Persistence is even more powerful. With persistence enabled, when workflows go idle (waiting on an external event or timer), the workflow runtime can persist the workflow (serialize the workflow object and all of its contained activities state) and stick it in a persistent store (SQL Server with the built in provider). Then when the event occurs, the runtime can wake the workflow back up and turn it back into objects and get it running again. This keeps you from consuming resources on the server for long-running workflows that are just waiting for something that might take hours, days, weeks, or months. It also allows you to scale out the execution of your workflows to multiple servers in a farm, because another (less busy) server can pick up the workflow when it is ready to run instead of the one that was originally running it. You can also prevent this from happening with a process lock if that makes sense for your scenario. Persistence also allows your running workflows to survive across server restarts. All amazing capabilities that you get for free from the workflow runtime.

Both tracking and persistence can also be enabled through your config file as well.

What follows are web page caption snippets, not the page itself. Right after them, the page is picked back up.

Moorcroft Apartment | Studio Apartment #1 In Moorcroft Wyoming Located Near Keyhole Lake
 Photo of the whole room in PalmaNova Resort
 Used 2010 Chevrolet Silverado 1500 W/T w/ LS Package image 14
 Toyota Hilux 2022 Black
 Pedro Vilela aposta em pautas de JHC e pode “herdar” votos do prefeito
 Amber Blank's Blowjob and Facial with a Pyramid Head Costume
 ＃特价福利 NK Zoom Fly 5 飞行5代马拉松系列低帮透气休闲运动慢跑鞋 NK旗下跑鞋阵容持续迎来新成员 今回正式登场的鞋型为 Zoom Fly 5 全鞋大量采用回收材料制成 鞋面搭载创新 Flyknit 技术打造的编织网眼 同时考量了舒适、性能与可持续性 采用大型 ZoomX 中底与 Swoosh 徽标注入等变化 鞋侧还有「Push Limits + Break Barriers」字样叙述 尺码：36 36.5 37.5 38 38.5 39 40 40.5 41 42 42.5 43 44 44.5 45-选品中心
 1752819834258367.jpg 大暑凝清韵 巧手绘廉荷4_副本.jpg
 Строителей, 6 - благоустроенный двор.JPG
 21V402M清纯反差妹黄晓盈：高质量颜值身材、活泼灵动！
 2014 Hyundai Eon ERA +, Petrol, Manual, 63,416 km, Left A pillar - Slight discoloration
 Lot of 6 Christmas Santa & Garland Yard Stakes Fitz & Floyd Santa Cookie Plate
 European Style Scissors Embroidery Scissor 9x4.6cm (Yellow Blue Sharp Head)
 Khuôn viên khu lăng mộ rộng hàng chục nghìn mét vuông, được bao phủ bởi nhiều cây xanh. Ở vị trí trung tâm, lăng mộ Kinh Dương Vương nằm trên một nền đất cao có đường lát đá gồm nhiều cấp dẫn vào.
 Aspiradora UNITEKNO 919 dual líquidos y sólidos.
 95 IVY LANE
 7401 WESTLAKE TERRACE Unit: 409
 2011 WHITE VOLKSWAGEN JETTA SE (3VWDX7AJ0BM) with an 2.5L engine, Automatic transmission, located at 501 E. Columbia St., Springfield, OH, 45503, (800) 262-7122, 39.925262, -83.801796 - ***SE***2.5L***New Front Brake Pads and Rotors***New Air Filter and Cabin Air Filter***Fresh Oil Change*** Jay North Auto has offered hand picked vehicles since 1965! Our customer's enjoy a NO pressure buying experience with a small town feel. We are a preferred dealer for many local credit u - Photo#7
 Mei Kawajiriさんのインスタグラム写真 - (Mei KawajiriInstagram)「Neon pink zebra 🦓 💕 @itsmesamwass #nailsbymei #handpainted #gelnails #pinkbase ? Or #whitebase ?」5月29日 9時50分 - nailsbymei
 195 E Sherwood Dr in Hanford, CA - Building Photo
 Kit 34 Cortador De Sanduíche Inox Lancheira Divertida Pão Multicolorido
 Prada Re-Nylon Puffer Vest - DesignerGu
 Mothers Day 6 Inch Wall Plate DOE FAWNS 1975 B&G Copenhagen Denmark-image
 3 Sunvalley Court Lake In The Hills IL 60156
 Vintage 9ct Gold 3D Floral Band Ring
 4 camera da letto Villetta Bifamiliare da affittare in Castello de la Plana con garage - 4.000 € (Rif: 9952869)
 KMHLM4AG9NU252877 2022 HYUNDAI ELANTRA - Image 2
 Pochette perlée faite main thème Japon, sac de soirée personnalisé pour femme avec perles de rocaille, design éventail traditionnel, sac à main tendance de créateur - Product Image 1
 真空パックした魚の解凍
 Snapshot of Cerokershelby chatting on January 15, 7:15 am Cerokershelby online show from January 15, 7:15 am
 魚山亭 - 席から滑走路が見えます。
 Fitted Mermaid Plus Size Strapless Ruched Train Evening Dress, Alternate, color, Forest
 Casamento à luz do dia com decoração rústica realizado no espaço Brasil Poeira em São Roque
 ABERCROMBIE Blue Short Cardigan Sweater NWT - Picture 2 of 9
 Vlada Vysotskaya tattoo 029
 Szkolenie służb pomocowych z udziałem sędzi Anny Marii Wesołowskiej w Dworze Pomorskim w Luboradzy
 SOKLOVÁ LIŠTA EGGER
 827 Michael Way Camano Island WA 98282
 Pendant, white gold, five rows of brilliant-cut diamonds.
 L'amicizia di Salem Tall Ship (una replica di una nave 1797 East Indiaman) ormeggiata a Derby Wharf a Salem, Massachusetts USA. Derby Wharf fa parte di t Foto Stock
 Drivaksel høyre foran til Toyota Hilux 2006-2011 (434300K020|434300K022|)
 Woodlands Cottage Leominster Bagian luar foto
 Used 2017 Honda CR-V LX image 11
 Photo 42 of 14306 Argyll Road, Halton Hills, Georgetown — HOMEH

So where is the gotcha? Tracking and Persistence work perfectly fine with one another, normally. However, you can find yourself with your workflows deadlocking indefinitely if you turn them both on, and the cure may not be very apparent unless you really understand how they are working under the covers. OK, even if you understand that, you really have to think it through to understand the cause.

First, the short answer: If you find that your workflows are hanging ordeadlocking when they go idle with both persistence and tracking turned on, check to make sure your Distributed Transaction Coordinator (DTC) service is running.

The explanation: If you enable tracking and persistence with code like shown above, both services write their data to the database as part of a transaction. Depending on whether you put them in the same database and depending on which workflow commit batch service (whole separate topic there) you use, the writes to your tracking and persistence stores may or may not use the same connection to talk to the database (obviously if separate databases, they will not). However, they do get wrapped up into a single transaction when a persistence point is hit at the same time as a tracking point (such as when an workflow goes idle). So if the DTC is not running, the transaction cannot promote to a DTC transaction and the workflow ends up deadlocking. Getting the DTC service running fixes the problem.

Normally DTC should be running on a machine with SQL Server running anyway, but I have had it happen on more than one machine where it was not running and had this problem.

The workflow runtime should really be throwing an exception or timing out after a reasonable time if it can’t promote the transaction, but instead it just silently deadlocks.

Hopefully if you have this problem, you will find this post through your search engine of your choice and your problem will be solved.